О своем невезении Караджале готов рассказывать друзьям без конца. У него есть целая серия таких рассказов, один убедительнее другого. Например, история о несчастном гражданине, который решил помочь неудачливому драматургу и был за это немедленно наказан. Этого гражданина звали Георгиу. Он сам предложил Караджале взаймы несколько тысяч лей. Не надо, не надо было ему делать такое опрометчивое предложение! Когда обрадованный Караджале явился к этому человеку домой, чтобы получить обещанную сумму, он застал его уже мертвым. Дьякон ходил вокруг гроба с кадильницей, опечаленные родственники и соседские старухи стояли пригорюнившись и молча смотрели на новопреставленного. Караджале тоже подошел к гробу, поцеловал икону на груди умершего, перекрестился и, обернувшись к старухам, сказал с мефистофельской улыбкой: «Это я его убил!» Но судьба оказалась ироничнее прославленного ирониста. В ноябре 1885 года она принесла невезучему писателю неожиданный подарок: наследство богатой старухи Екатерины Момуло Кардини, двоюродной сестры его матери.
Екатерина Момуло, урожденная Георгевич, была бездетной вдовой итальянца Кардини, по прозвищу Момуло, нажившего в Бухаресте большое состояние. Эта старуха слыла столь богатой женщиной, что однажды ее удостоил своим посещением знаменитый в те годы бандит Сердару. Он явился в дом старухи в суровом облике прокурора, в сопровождении полицейских, роль которых исполняли переодетые члены его собственной банды. После «обыска» вся эта компания удалилась, унося с собой найденные в Доме ценности и золото. Но даже такое происшествие не очень-то уменьшило имущество богатой вдовы, оцененное после ее смерти в несколько миллионов лей.
И вот среди наследников Екатерины Момуло числилась и ее двоюродная сестра — родная мать Караджале. Невезучий драматург надел черный парадный костюм и отправился на инвентаризацию наследства. Можно легко себе представить его ощущения, когда он смотрел, как нотариус и представитель прокуратуры, в этот раз настоящей, сортировали и подсчитывали бриллиантовые серьги, золотые кольца, изумруды и золотые монеты, припрятанные старухой в матрацах и не найденные даже бандитами Сердару.

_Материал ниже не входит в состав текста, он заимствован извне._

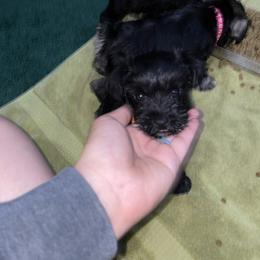 Miniature Schnauzer Puppies from Mini Schnauzers for Life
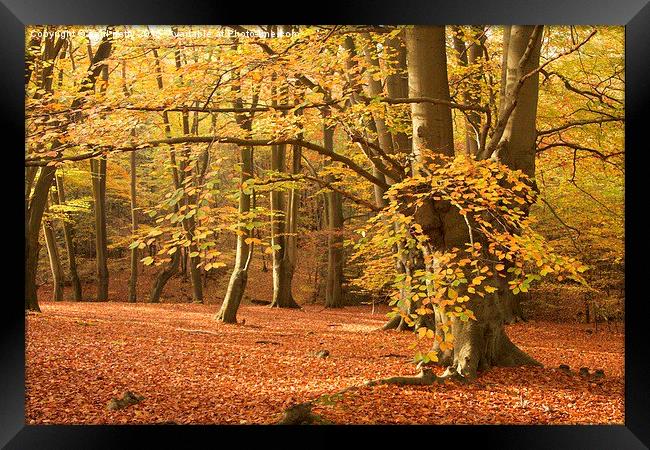  Epping Forest Autumn 8 Framed Print by paul petty
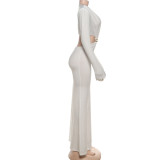 V Neck Long Sleeve Maxi Dress XEF-K25D78556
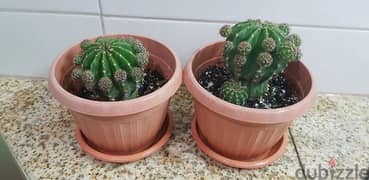 Beautiful Small Cactus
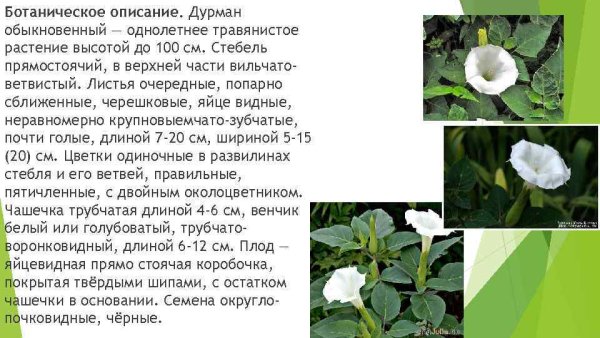 Дурман растение описание
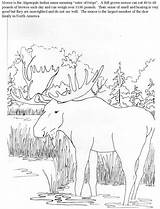 Coloring Pages Elk Moose Printable Color Hunting Moose2 Library Book Comments sketch template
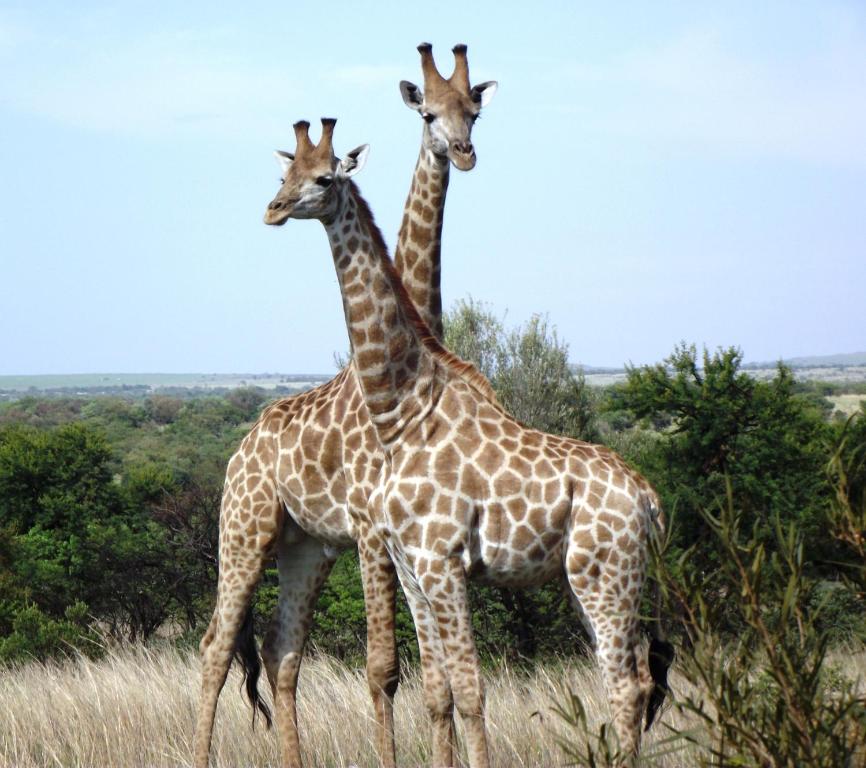 two giraffes standing next to each other in a field at Kareekloof Game Farm in Derby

Ликование Караджале было, однако, преждевременным. Ибо вокруг миллионов Екатерины Момуло, «Мому-лои», как фамильярно называли старуху в семье Караджале, немедленно завязалась острая борьба. Объявились многочисленные наследники, о существовании которых ближайшие родственники умершей и не подозревали. Появилась даже «дочь» Момуло Кардини, бывшая служанка в его доме, представившая суду доказательства, что давно умерший богач признал свое отцовство. Эти документы, впрочем, оказались подделками. Но от других претендентов было не так-то легко избавиться.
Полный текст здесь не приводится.